Christopher cheating didn’t break me. It just pushed me out the door.

Half of why was that I found other people’s discomfort with my pain unbearable.

It’s one reason no one here knows this. One reason I’ve never spoken the words out loud.

I’ve never had to.

Chris told our friends while I was in the hospital.

He called my dad to let him know there was no grandbaby after all.

I had never even told my mother I was expecting.

Maybe it had gotten back to her through my dad, but I doubt it.

This is the first time I’ve ever told anyone.

“I don’t know how to get over it,” I say. “I left it behind instead.”

It’s silent in the room for a long moment. He shifts in his chair and picks up the cake. “Well. If you ever figure out how to get over it, let me know.”

That’s honest. I appreciate it.

“I’m starting to fear that getting over it is a myth,” I say.

“Yeah. That sounds about fucking right.”

“Yes, it does,” I say.

I pick up my cake too, and we sit there, painful truths pulsing between us as we eat the most delicious buttercream I’ve ever had in my life.

This is also about fucking right.

Death and cake and a beautiful man whose heart I can never have, and probably wouldn’t know what to do with anyway.

Even though it’s difficult for me to swallow every bite, I do. I’m not sure at this point if it’s my grief or his. His is a surprise. Mine is all too familiar, though I don’t often let it take such concrete shape.

I just think of before.

Before , I wasn’t even sure that I wanted children. Then I was pregnant, and we had decisions to make, and I had decided that I did want the baby.

So much.

Chris said he did too, but sometimes I think he wished he did.

For me.

At least, that was part of the rage I had internalized, and definitely part of the more hateful things I said to him. That he didn’t want to be a father anyway. That this was convenient for him, because what he actually wanted to do was pursue his career and go out every night, and if we had our daughter, he wouldn’t have been able to do that.

He would have left it all to me.

Maybe it was true. Mostly, I think it was me needing to make him hurt the way I did.

We finish eating our cake, and I stand up. Then I extend my hand. “I’ll take that.”

I take the clean plate from him.

He probably wants me to go, but I’m not sure I want to.

“Can I ask what ... triggered this?”

“You just asked,” he says, his words a little fuzzy.

“Sorry. I did. So ... why tonight? Or ... yesterday. Joshua Tree. That’s what triggered this, isn’t it?”

He nods. “Yeah.”

I don’t need to know everything tonight. I take his hand and lead him to the bed.

“Lie down,” I say.

He looks at me. Somehow that look cuts through everything—all the pain, the grief, the long-held secrets—like a knife, and I feel the stirring of desire.

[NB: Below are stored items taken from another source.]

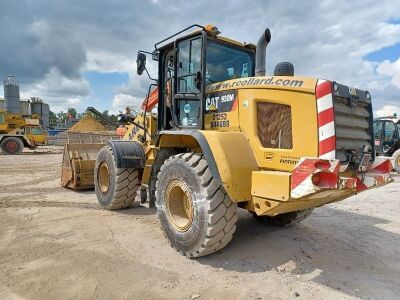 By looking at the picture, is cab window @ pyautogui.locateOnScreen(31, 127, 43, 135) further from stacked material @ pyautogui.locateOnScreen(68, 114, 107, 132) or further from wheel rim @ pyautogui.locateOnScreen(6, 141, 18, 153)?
stacked material @ pyautogui.locateOnScreen(68, 114, 107, 132)

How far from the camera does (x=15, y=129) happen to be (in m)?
22.8

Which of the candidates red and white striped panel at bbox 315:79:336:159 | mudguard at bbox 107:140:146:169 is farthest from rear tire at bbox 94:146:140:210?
red and white striped panel at bbox 315:79:336:159

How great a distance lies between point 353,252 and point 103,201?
13.5ft

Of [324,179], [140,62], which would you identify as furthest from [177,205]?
[140,62]

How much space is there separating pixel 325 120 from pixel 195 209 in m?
1.66

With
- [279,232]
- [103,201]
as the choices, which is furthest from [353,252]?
[103,201]

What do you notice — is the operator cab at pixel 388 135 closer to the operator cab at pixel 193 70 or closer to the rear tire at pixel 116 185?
the operator cab at pixel 193 70

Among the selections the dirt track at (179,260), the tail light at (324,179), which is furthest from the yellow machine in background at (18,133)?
the tail light at (324,179)

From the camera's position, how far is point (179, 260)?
4098 millimetres

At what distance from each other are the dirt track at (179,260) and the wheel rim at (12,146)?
682 inches

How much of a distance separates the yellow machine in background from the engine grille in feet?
72.1

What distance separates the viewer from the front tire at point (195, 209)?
3.86 m

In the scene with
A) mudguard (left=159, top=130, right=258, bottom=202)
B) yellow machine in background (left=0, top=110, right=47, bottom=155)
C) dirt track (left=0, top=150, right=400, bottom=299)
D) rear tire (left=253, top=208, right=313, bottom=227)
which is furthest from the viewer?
yellow machine in background (left=0, top=110, right=47, bottom=155)

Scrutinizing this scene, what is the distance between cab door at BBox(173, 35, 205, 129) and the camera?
4602mm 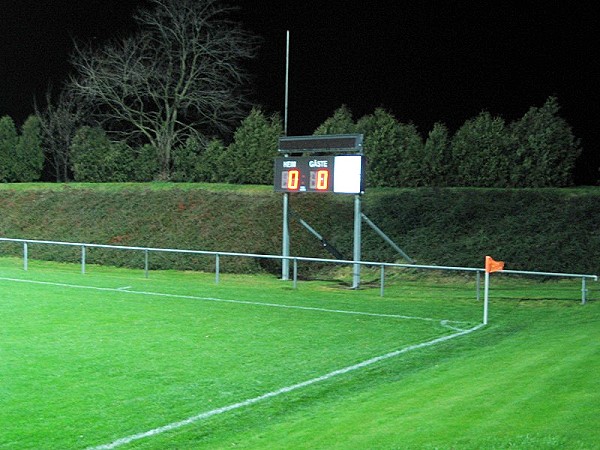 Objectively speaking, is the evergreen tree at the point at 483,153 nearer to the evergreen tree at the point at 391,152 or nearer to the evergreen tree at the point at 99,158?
the evergreen tree at the point at 391,152

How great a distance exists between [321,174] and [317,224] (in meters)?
5.96

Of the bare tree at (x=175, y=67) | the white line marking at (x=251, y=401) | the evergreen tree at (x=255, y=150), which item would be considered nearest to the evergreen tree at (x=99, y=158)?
the bare tree at (x=175, y=67)

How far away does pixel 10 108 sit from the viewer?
158 feet

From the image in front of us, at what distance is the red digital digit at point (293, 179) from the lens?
67.6 ft

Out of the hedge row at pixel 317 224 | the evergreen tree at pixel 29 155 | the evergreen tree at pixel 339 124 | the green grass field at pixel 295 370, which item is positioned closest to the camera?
the green grass field at pixel 295 370

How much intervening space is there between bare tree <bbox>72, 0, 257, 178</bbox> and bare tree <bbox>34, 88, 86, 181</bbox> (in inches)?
190

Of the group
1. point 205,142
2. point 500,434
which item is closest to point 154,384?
point 500,434

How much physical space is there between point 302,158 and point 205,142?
1405 centimetres

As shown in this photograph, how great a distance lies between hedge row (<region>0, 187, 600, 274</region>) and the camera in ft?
72.1

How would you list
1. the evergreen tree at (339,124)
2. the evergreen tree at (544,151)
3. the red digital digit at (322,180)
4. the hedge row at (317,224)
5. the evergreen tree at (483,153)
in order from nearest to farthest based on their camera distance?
the red digital digit at (322,180) < the hedge row at (317,224) < the evergreen tree at (544,151) < the evergreen tree at (483,153) < the evergreen tree at (339,124)

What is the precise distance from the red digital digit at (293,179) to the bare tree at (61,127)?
2149 centimetres

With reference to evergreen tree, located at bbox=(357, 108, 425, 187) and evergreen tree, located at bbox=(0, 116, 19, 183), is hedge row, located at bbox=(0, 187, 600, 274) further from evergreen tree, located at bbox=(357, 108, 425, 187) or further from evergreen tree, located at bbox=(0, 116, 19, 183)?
evergreen tree, located at bbox=(0, 116, 19, 183)

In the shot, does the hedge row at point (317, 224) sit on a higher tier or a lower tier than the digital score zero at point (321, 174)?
lower

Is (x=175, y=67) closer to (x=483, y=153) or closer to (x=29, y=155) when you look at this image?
(x=29, y=155) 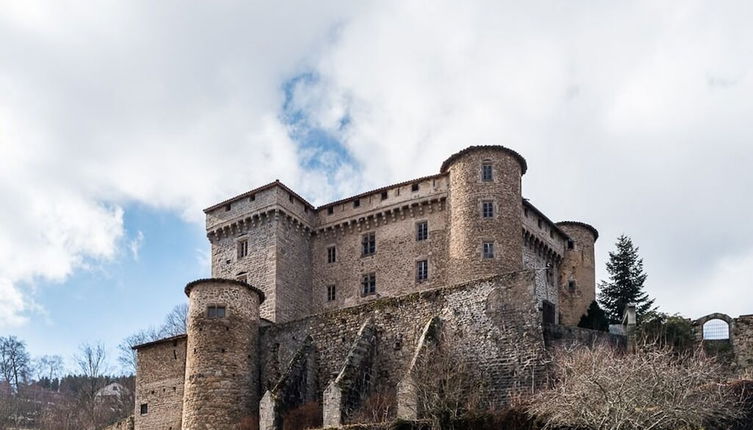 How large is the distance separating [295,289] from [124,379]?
29.2 m

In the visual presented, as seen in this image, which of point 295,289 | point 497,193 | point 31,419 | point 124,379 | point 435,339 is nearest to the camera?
point 435,339

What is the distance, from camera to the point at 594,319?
4659 cm

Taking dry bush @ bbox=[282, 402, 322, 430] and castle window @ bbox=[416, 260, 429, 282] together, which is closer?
dry bush @ bbox=[282, 402, 322, 430]

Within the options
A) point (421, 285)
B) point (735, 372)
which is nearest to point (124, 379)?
point (421, 285)

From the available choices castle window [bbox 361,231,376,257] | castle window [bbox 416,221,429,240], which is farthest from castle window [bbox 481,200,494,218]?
castle window [bbox 361,231,376,257]

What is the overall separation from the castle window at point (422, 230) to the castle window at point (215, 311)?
12416 mm

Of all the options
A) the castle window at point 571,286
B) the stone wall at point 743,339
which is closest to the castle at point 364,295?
the castle window at point 571,286

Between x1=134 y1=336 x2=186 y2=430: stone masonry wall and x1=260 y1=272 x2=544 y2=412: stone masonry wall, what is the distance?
4.36 metres

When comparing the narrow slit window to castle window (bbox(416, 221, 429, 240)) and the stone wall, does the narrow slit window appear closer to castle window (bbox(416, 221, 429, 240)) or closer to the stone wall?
castle window (bbox(416, 221, 429, 240))

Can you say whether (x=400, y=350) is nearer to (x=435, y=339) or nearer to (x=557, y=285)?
(x=435, y=339)

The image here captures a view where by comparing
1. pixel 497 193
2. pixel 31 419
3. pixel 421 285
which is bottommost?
pixel 31 419

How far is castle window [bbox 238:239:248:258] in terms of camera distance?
166 ft

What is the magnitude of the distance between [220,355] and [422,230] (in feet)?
45.2

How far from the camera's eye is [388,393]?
3541 cm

I feel an electric need to move toward him. To take the difficult feelings and turn them into something else. It feels like it would be easy. To take hold of him and let go of the pain. To find ourselves connected, not sitting across from each other with all that distance between us. Not when we both know.

But he is very drunk, and he’s in pain.

He’s also looking at me with absolute, undisguised need. Normally I find him tough to decode, but the alcohol makes it so I can read him.

It makes it so he can’t disguise it quite so well.

I see the desire on his face, open and obvious.

He wants me. Even now. It kills him that he wants me. I’m not the problem. It’s his desire for me.

And how very broken he still is.

“Go to bed,” I say.

To my surprise, he obeys me. He strips his shirt off, revealing rangy, well-defined muscle and dark chest hair. I’m only human, and in spite of the uncomfortable pack of emotions running around inside me, I look at him.

I can’t help it.

I move away from the bed quickly. I hold on to the paper plates like they’re a shield. His eyes are already drifting closed. He really is that drunk, and I can’t get rid of the feeling that the information I got tonight was stolen.

“Stay,” he says, his eyes closed, the word barely audible.

My heart clenches. I can’t deny him. I can’t deny myself.

I lie down on top of the covers beside him, and I put my hand on his chest. I feel his heart beating.

And now I know it’s broken, like mine.